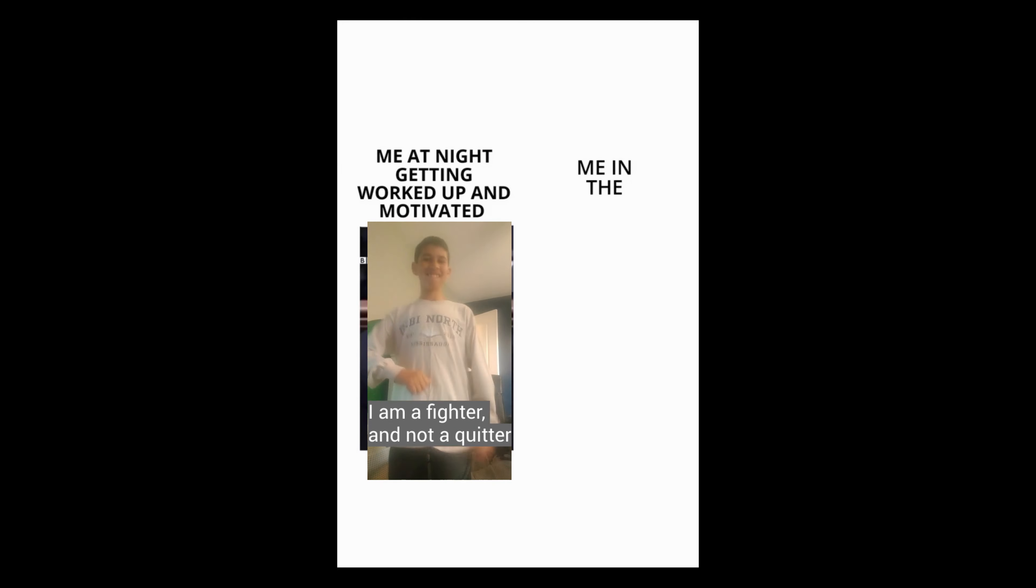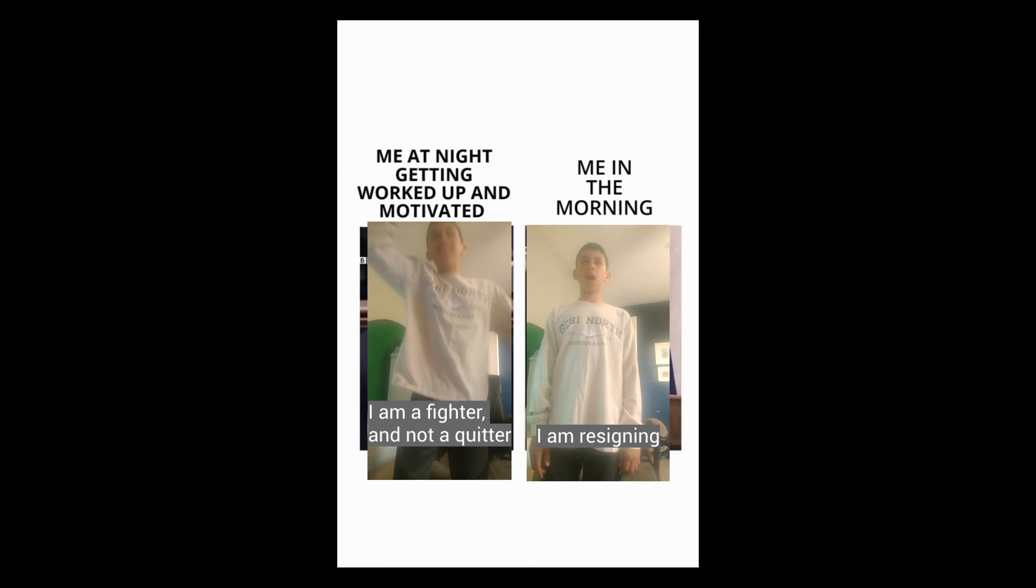Me at night getting worked up and motivated. I'm a fighter and not a quitter. Me in the morning, I'm resigning.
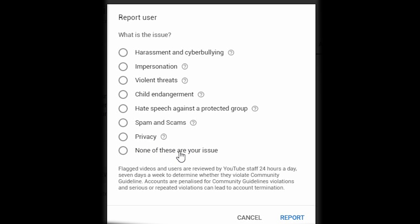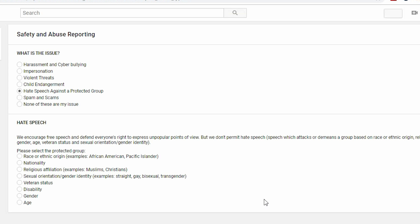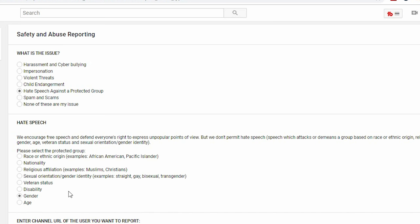You then choose any of them. In this case I'll pick hate speech for example, and click report. It will take you to a form to give even more information. You can change your choice at the top, and down below it will tell you why — for hate speech it could be race, nationality, sexual orientation, veteran status, age, etc. You fill out this form, and when you get to the end you can click submit.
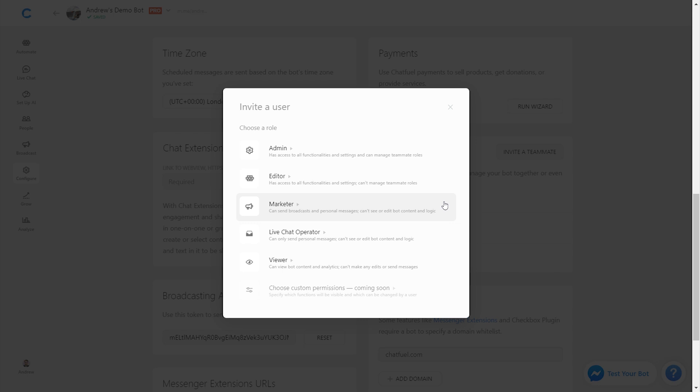Next is Marketer. This person has the ability to send broadcasts and personal messages to users, which is really helpful in terms of communicating with your subscribers. The step below that is live chat operator. This person has the same permissions, however, they can only send personal messages. This is ideal for a customer support agent who doesn't need to be sending mass broadcasts, just one-on-one interactions in the live chat tab.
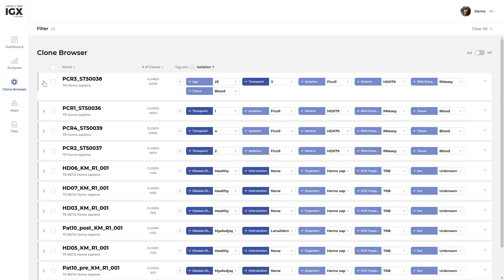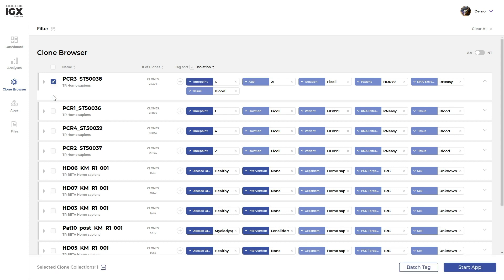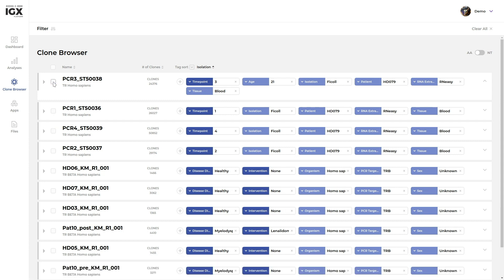To perform follow-up analyses, tick the checkboxes next to the samples or sequences you'd like to include and start one of the analysis apps. Alternatively, you can select a set of samples or clones using the search and filter tools of the clone browser.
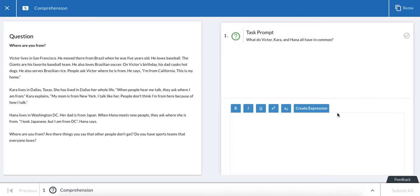For comprehension questions, the passage will appear on the left side of the screen. So this passage is called Where Are You From?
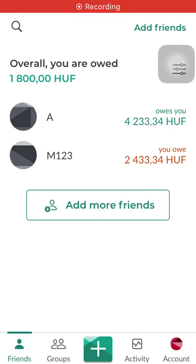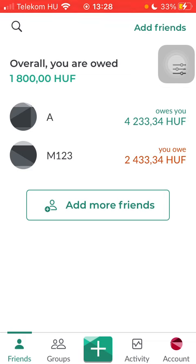Hello guys! In this video, I'm going to show you how to check out the group spending summary on Splitwise.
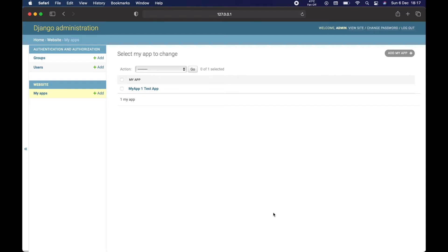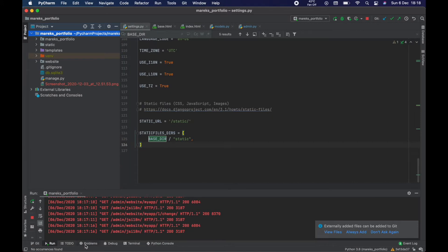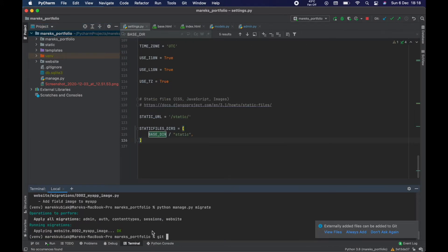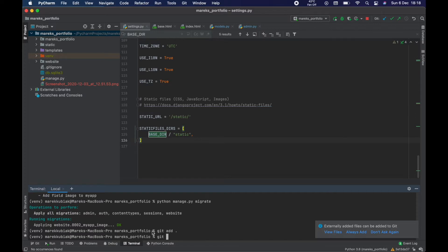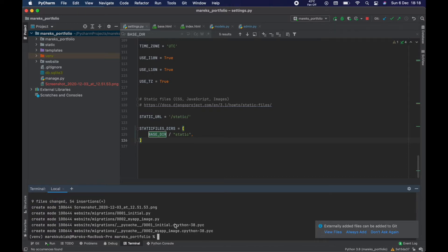Okay ladies and gents, I think this is a pretty exciting moment because we are so close to getting ready for showing something on our Django page in a programmatic way. We have our model done. One thing I obviously forgot — we need to do our commit. So let's go: git add all, git commit. What did we do? We created the model, made migrations, and there was a small fix to my app and model.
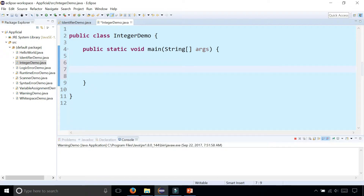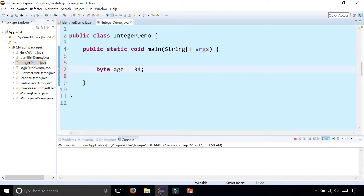So let's create some integer variables. The four primitive data types for integers are byte, which can only hold numbers between negative 128 and positive 127. An example of something that can only be up to that number is maybe a person's age — 34. And if a person was very, very old and outside of that range, like 180, then you get an error.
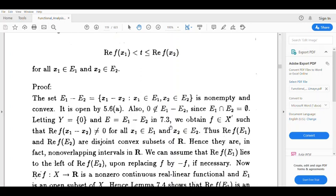f of (x1 minus x2) is not equal to 0 for all x1 in E1 and x2 in E2. That implies the real part of f(x1) is not equal to the real part of f(x2) for all x1 in E1 and x2 in E2. This means the real part of f(E1) and the real part of f(E2) are disjoint connected subsets of R — that is, non-overlapping intervals.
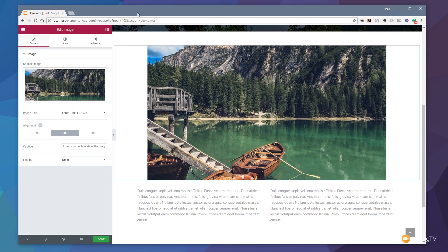I think the guys over at Elementor are really paying attention to what makes a great platform for web developers and web designers, as well as people that just want to create great-looking websites with minimal effort.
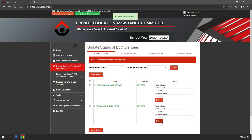Only billed grantees whose billing status is either 'Submitted to DepEd CO' or 'Payment Released' in the previous school year will be available for status update. Once the ESC grantee is billed, the Update Status will be disabled. If the school deletes all existing billing statements, the Update Status will be enabled.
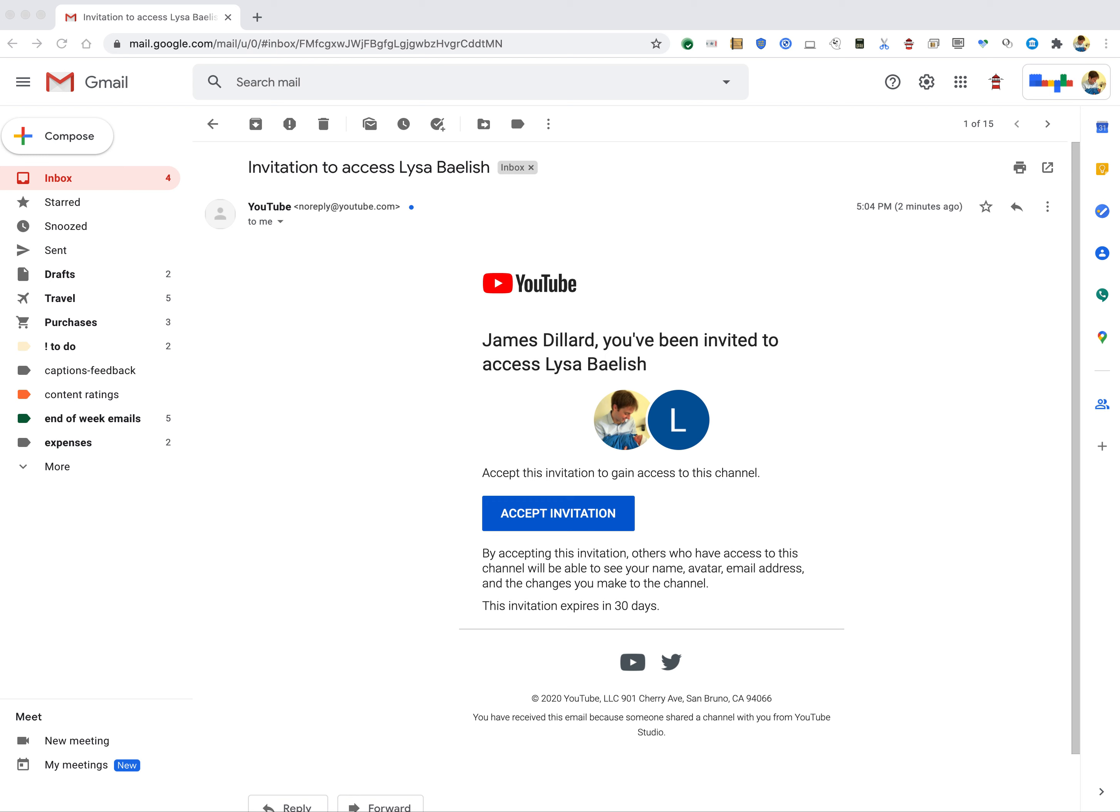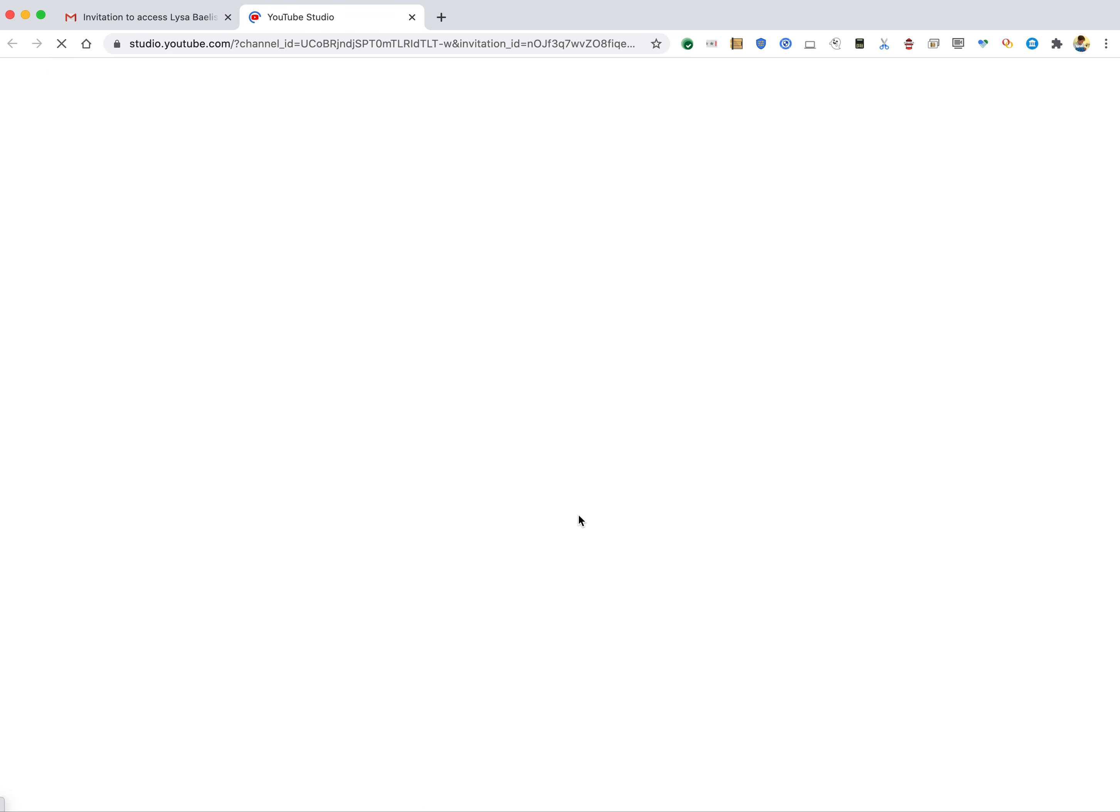I'm going to give you a quick walkthrough on the Editor Without Revenue functionality. You can see here that I've got an invitation to this channel, Liza Baelish, that is a monetized channel. So I'm going to accept that invitation.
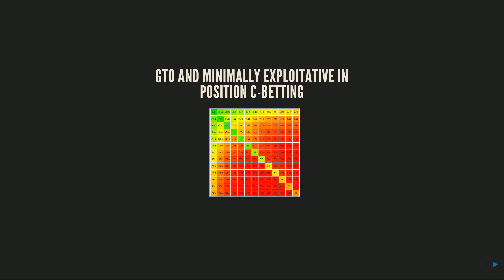Rank them in terms of EV as an in position player when both players play GTO - which boards are best for me, which boards are worst for me? These are all skills that I think you can become reasonably accurate at even without looking at a GTO solution.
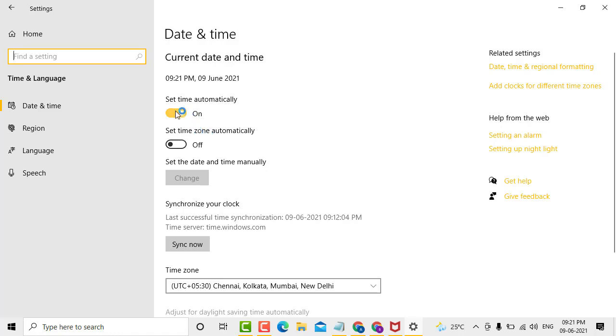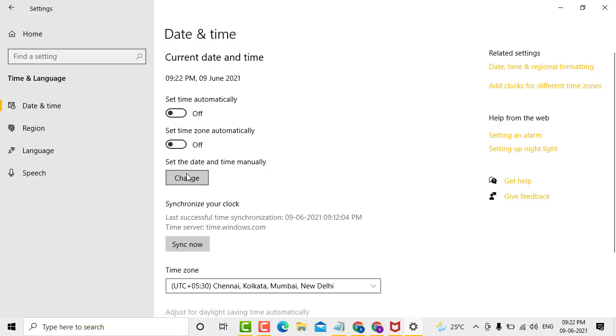Switch it to the off position. Then click on Set the Time and Date Manually, and click on Change.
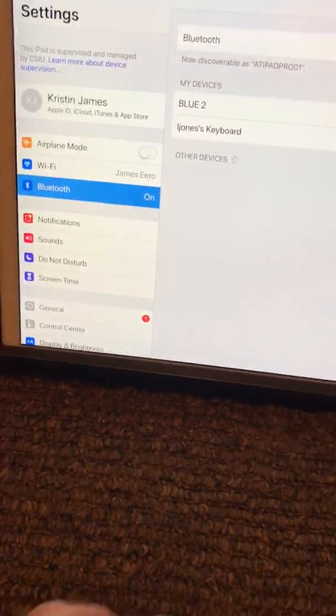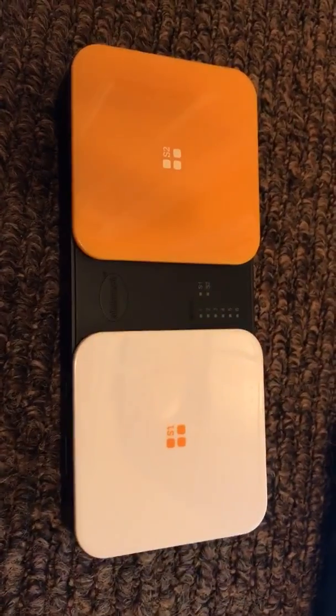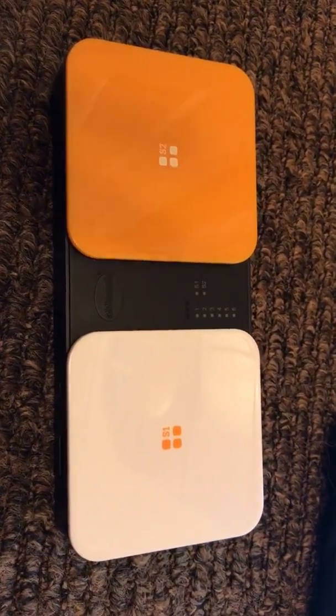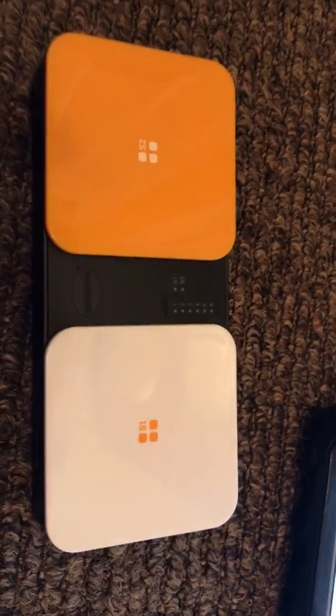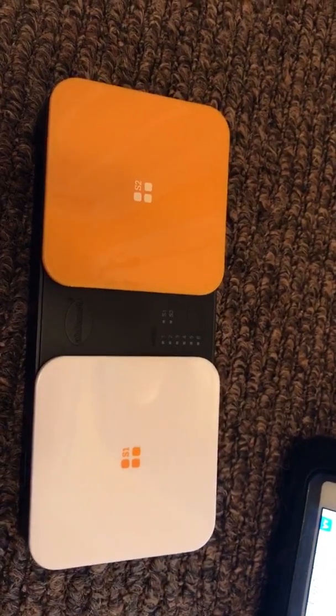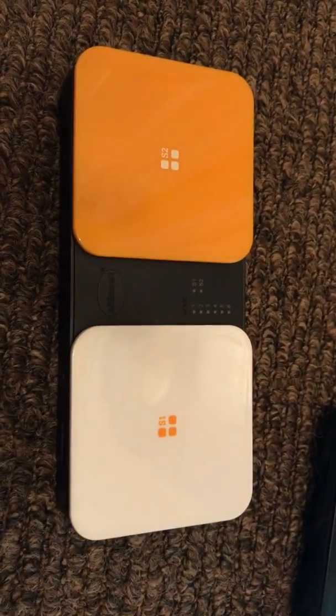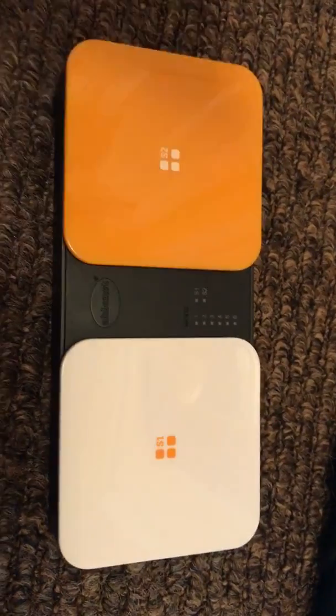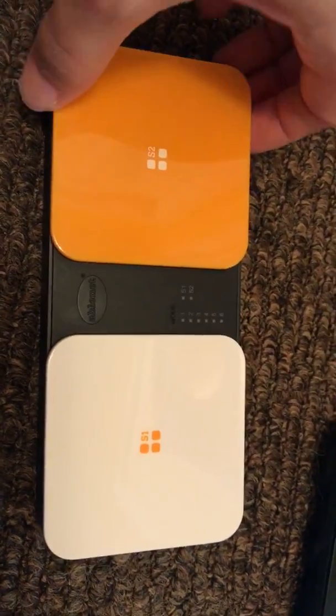Today we're going to learn how to use the Bluetooth switch to run programs and apps on the iPad. The very first thing you need to do is charge up your Bluetooth switch. It has a spot right there where you're going to put in your cable and connect it to the wall.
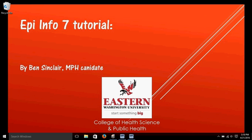Hi, my name is Ben Sinclair, and this is another video on using EpiInfo 7.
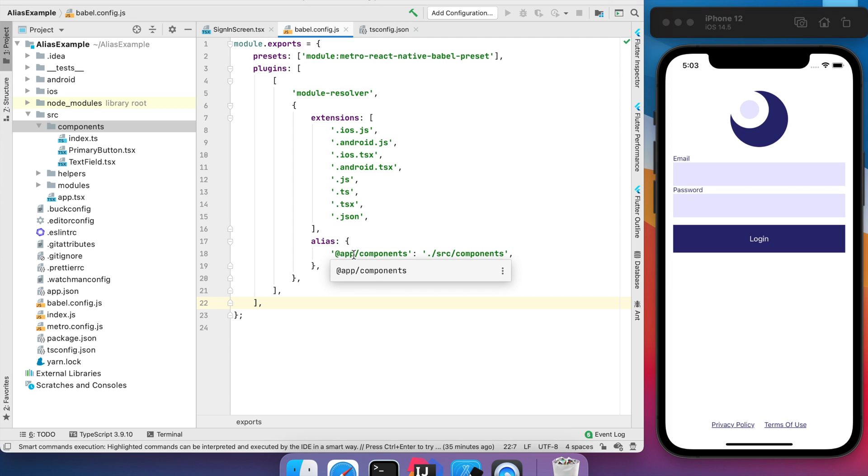I prefer to add the app prefix for all my custom aliases just to quickly recognize that this is my custom alias path.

* [ABOUT THIS TASK]:
Only the lines above from the one containing "Next is Marketer." through the one containing "Hello guys! In" should be returned, verbatim and inclusive, with pictures excluded.

* [RESULT BELOW]:
Next is Marketer. This person has the ability to send broadcasts and personal messages to users, which is really helpful in terms of communicating with your subscribers. The step below that is live chat operator. This person has the same permissions, however, they can only send personal messages. This is ideal for a customer support agent who doesn't need to be sending mass broadcasts, just one-on-one interactions in the live chat tab.
To perform follow-up analyses, tick the checkboxes next to the samples or sequences you'd like to include and start one of the analysis apps. Alternatively, you can select a set of samples or clones using the search and filter tools of the clone browser.
For comprehension questions, the passage will appear on the left side of the screen. So this passage is called Where Are You From?
Hello guys! In this video, I'm going to show you how to check out the group spending summary on Splitwise.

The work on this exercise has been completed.